The plaintiff being a trustee company with no tangible assets other than those held beneficially for the trust, I am satisfied that there is reason to believe that it is without assets to satisfy its liability if the costs of the action are awarded against it.
The statutory threshold question having been answered in the affirmative, the discretion to make an order for security for costs is enlivened.
The fact that the plaintiff is bringing the proceedings in a representative capacity as trustee does not protect it from an order that it provide security for costs. This may be the case where an impecunious natural person sues as trustee as explained by Ashley J in Perry v Jackson [1998] 4 VR 463. His Honour said at 465:
"Before r 62.02(1)(b) of Ch I of the rules was introduced in 1986, the court had power to order that the security for costs be given, this deriving from its inherent power to regulate its own proceeding: Lines v Tana Pty Ltd. [1987] VR 641 at 642. A considerable jurisprudence had developed as to the circumstances in which such an order should or might be made. In the case of the plaintiffs who are natural persons, 'The general rule is that poverty is no bar to a litigant, that, from time immemorial, has been the rule at common law, and also, I believe, in equity': Cowell v Taylor (1885) 31 Ch D 34 at 38 per Bowen LJ. The general rule was subject to exception in the case of so-called 'nominal' plaintiffs. The exception was explained by Baggallay LJ in Cowell as follows at 38: 'Suppose I, having a shadowy case, assign it over to a man of straw that he may sue for my benefit, then security for costs will be ordered.' Bowen LJ described the exception thus at 38:
There is also an exception introduced in order to prevent abuse, that if an insolvent sues as nominal plaintiff for the benefit of somebody else, he must give security.

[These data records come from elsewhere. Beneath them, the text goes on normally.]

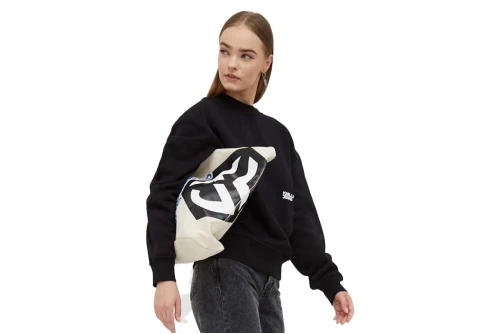 Karl Lagerfeld Sweat Μπλούζα Με Λαιμόκοψη Γυναικεία (236J1850 J101)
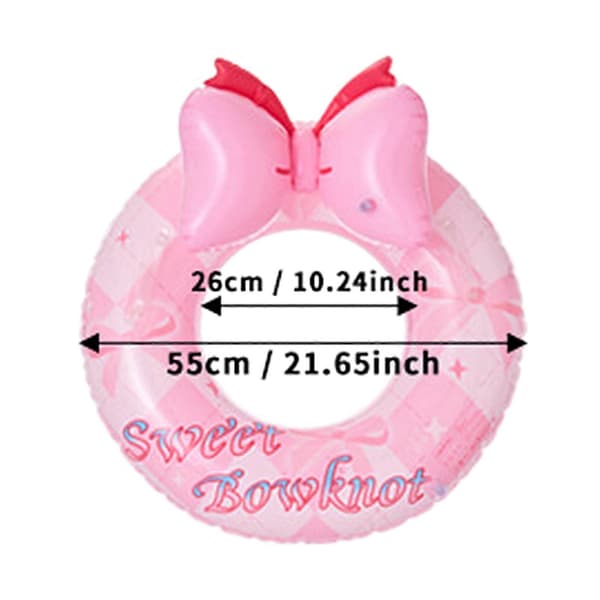 Bowknot Pool Hoop Simring Uppblåsbara Simringar Uppblåsbara Pool Float Bowknot Simringar pink heart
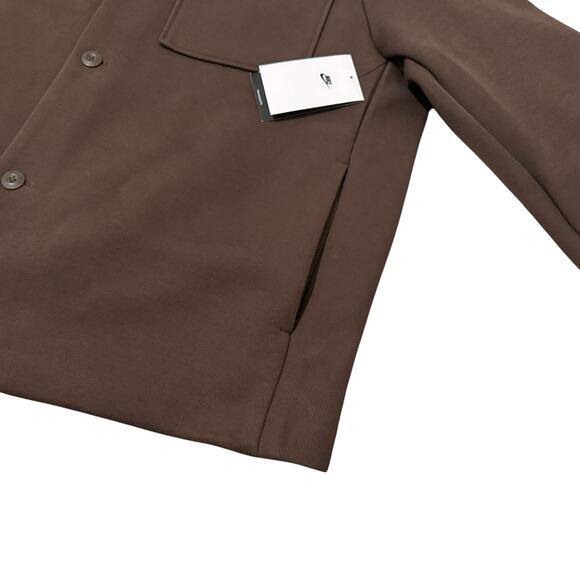 Nike Tech Fleece Shacket Oversized Fit Brown Jacket FZ7566-237 Men's Size Large - Picture 4 of 11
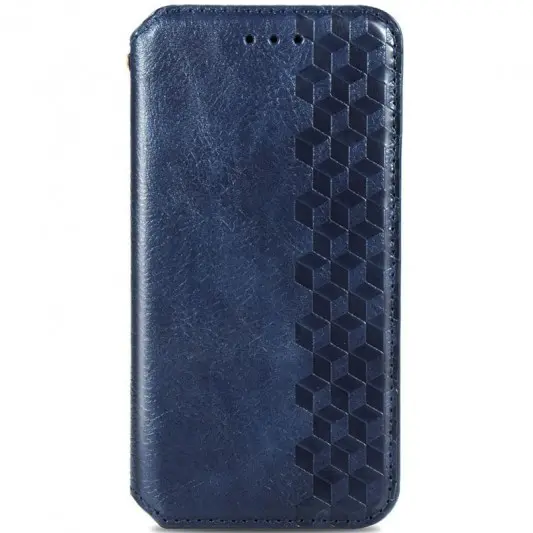 Кожаный чехол-книжка GETMAN Cubic (PU) для Xiaomi Redmi 10C Синий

In that case the nominal plaintiff is a mere shadow. The two most familiar classes of cases of this kind are cases where a person has divested himself of his interest and handed it over to someone else that the transferee may sue for him, and cases where a person who has commenced a suit divests himself of his interest during the course of the suit in order that another person may carry it on for his benefit. Those are the common cases, I do not say that there may not be others. In those cases Courts of Common Law required security for costs to be given.
The key to the exception was the prevention of abuse. Executors, administrators, trustees having no interest in the subject matter of the trust, trustees in bankruptcy and at least some liquidators were not required to give security even if impecunious: Sykes v Sykes (1869) L.R. 4 C.P. 645; Rainbow v Kittoe [1916] 1 Ch 313; White v Butt [1909] 1 KB 50; Cowell; Mackie v Clough (1891) 17 VLR 201. Such persons, though suing for the benefit of others, were not mere nominal plaintiffs. They sued in what might be called a representative capacity. No abuse was involved. "
The position is different in the case of corporate trustees. Section 1335(1) of the Corporations Act 2001 does not fetter the power to make an order for security for costs and the statutory power exists independently of the power derived from the inherent jurisdiction of the court. In Crypta Fuels Pty Ltd v Svelte Corporation Pty Ltd [1995] 19 ACSR 68, Lehane J said at 70-71:
"I was referred also to other authorities, for example, the decision of Sheppard J in this Court in Orr v Lusute Pty Ltd (1987) 72 ALR 617, to the effect that in certain circumstances it may not be appropriate to make an order for security for costs against a trustee. I confess to a considerable degree of scepticism in relation to that argument. Principally and obviously, this is not a motion under the rules of court, but rather, one relying on ss 56 and 1335 of the Federal Court of Australia Act and Corporations Law respectively, as I have said. Consequently, the question whether for the purposes of O 28 r 3(1)(b) Crypta is a nominal plaintiff probably does not arise. In any event, I must say that I can see no reason why authorities which hold that security for costs may, as a discretionary matter, be awarded where an impecunious corporate applicant or plaintiff has substantial parties standing behind it, whether they be shareholders or creditors as in the recent decision of Finn J in Pasdale Pty Ltd v Concrete Constructions (1995) 131 ALR 268 should not apply equally to a situation where a trustee company has standing behind it, and in a position to benefit from any decision in its favour, substantial beneficiaries of a trust."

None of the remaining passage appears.